*Your task*: Consider the entries given below. Count the lines that include "with" and give only the count.

*Material shown*:
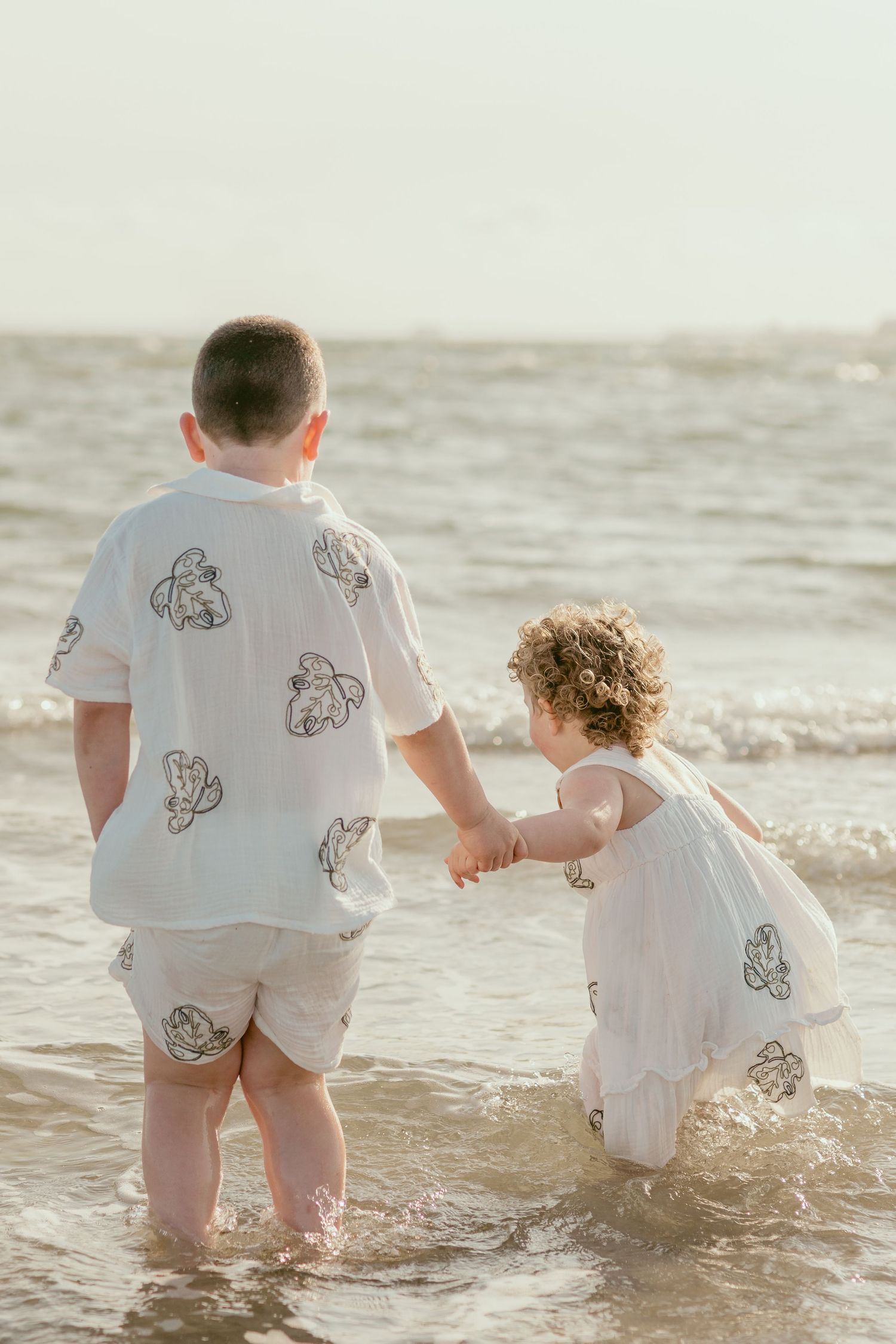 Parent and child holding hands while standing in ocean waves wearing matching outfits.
---
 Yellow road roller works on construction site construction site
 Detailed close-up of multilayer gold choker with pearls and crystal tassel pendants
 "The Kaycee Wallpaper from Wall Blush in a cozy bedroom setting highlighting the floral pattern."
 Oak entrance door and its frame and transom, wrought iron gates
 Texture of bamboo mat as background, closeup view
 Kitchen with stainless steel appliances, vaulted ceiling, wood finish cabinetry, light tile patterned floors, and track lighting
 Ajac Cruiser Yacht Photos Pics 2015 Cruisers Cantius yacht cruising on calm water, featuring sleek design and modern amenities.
...
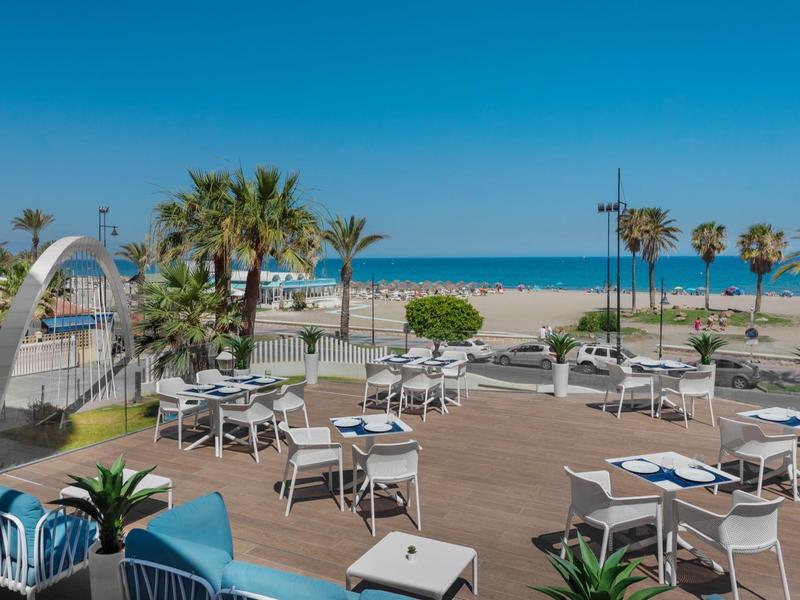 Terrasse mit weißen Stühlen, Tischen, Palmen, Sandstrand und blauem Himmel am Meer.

*Written reply*: 2